In [1]:
import numpy as np
import pandas as pd
import datetime, pytz, calendar, urllib2, json

In [2]:
target_channels = ["Benzene","Toluene","Xylene","Hydrogen_Sulfide","m_p_Xylene",
                   "o_Xylene","Black_Carbon", "Ethylbenzene","Sulfur_Dioxide","voc","dust"]

In [39]:
def exec_ipynb(url):
    import json, re, urllib2
    nb = (urllib2.urlopen(url) if re.match(r'https?:', url) else open(url)).read()
    jsonNb = json.loads(nb)
    #check for the modified formatting of Jupyter Notebook v4
    if(jsonNb['nbformat'] == 4):
        exec '\n'.join([''.join(cell['source']) for cell in jsonNb['cells'] if cell['cell_type'] == 'code']) in globals()
    else:
        exec '\n'.join([''.join(cell['input']) for cell in jsonNb['worksheets'][0]['cells'] if cell['cell_type'] == 'code']) in globals()

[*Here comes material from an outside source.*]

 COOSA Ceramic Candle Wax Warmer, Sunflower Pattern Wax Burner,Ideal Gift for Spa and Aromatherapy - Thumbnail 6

exec_ipynb('python-utils/esdr-library.ipynb')

In [3]:
#returns start and end timestamps of provided date
def getEpochTimeBounds(d, duration):
    pacific = pytz.timezone("US/Pacific")
    dt = pacific.localize(datetime.datetime(d.year,d.month,d.day))

    start = calendar.timegm(dt.utctimetuple())
    end = calendar.timegm((dt + datetime.timedelta(days=duration)).utctimetuple())
    return {'start' : start, 'end': end}
#getEpochTimeBounds(datetime.date(2017,2,1))

In [83]:
def makeDataFrameFromEsdr(feed, channel, timeOptions={}):
    if timeOptions.get('bounds') == None:
        duration = timeOptions.get('duration') or 1
        bounds = getEpochTimeBounds(timeOptions.get('day'), duration)
    else:
        bounds = timeOptions.get('bounds')
    url = "https://esdr.cmucreatelab.org/api/v1/feeds/%s/channels/%s/export?from=%s&to=%s&format=json" % (feed, channel, bounds['start'], bounds['end'])
    try:
        r = json.loads(urllib2.urlopen(url).read())
        print "loaded " + str(len(r['data'])) + " data points for feed " + feed + ", channel " + channel + ", time " + str(bounds['start'])
    except:
        print "error loading data from ESDR: feed " + feed + ", channel " + channel + ", time " + str(bounds['start'])
    cols = [name.split('.')[2] for name in r['channel_names']]
    cols.insert(0,'Time')
    df = pd.DataFrame(r["data"],columns=cols).set_index(['Time'])
    return df
#df = makeDataFrameFromEsdr("4910","Benzene",{'day':datetime.date(2017,2,1)})

In [118]:
def maxHourlyAverage(df):
    def avg(x, delta):
        ser = df.iloc[(df.index >= x - delta) & (df.index <= x + delta), 0]
        return ser.mean()
    
    healthLimit = 1
    df['avg'] = pd.Series(data = df.index, index = df.index).apply(lambda x: avg(x,delta=1800))
    maxAvg = df.nlargest(1,'avg')
    
    #get wind data for hour with highest average
    bounds = {'start':maxAvg.index[0] - 1800,'end':maxAvg.index[0] + 1800}
    wind = makeDataFrameFromEsdr("4910","Wind_Direction,Wind_Speed_MPH",{'bounds':bounds})
    
    #break into quadrants and select the prevailing one
    quads = [0,90,180,270,360]
    quad_names = ['NE','SE','SW','NW']
    wind['Compass_Dir'] = pd.cut(wind['Wind_Direction'],quads,labels=quad_names)
    direction = wind.groupby('Compass_Dir').sum().nlargest(1,'Wind_Speed_MPH').index[0]
    print "The max hourly average is " + str(maxAvg.avg.item()) + " and the prevailing wind direction was towards " + direction
maxHourlyAverage(df)
#pd.value_counts(wind['Compass_Dir'])
#sort into 4 groups by quadrant; quadrant with the most values is what ill display? should I also factor in wind speed? (quadrant with the highest sum of speeds?)
#wind
#df.sort_values('avg',ascending=False)
#df2.loc[df2['avg'] > 1].apply(lambda x: df.loc[(df.index >= x -  )])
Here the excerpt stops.